== Information shown
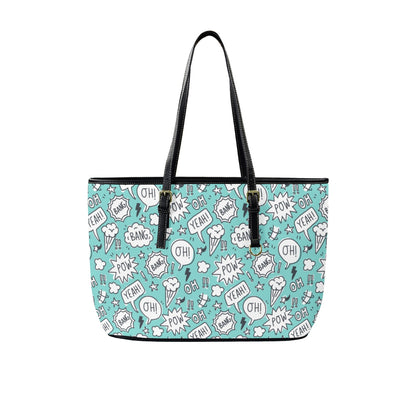 Comic Book Speech Bubbles - Leather Tote Bag-Large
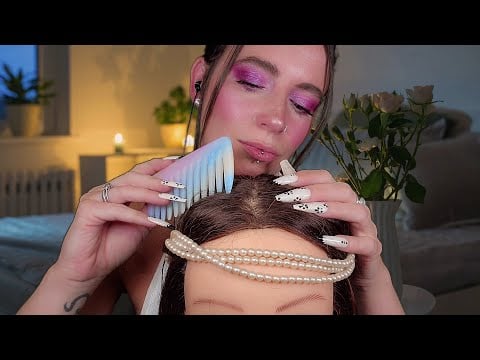 ASMR - Sleepy Scalp Treatment & Check (Hair Brushing, Scratching, Massage)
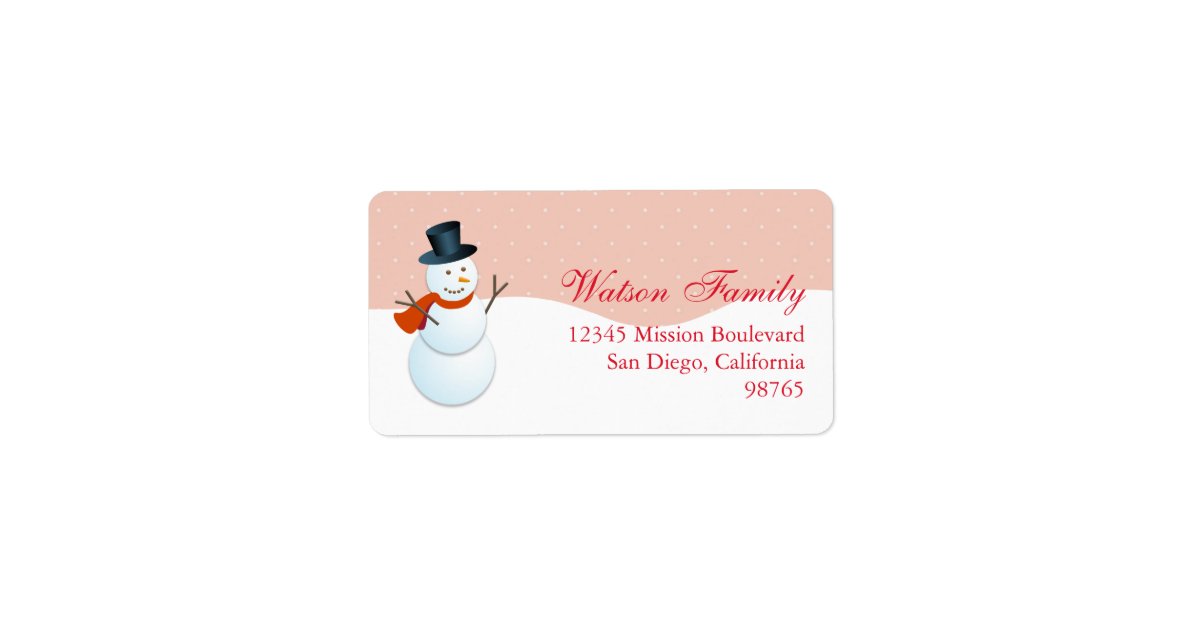 Friendly snowman north pole pink return address label | Zazzle.com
====
What is required: Copy the listing exactly. Leave the pictures out.

Exercise result:
 Comic Book Speech Bubbles - Leather Tote Bag-Large
 ASMR - Sleepy Scalp Treatment & Check (Hair Brushing, Scratching, Massage)
 Friendly snowman north pole pink return address label | Zazzle.com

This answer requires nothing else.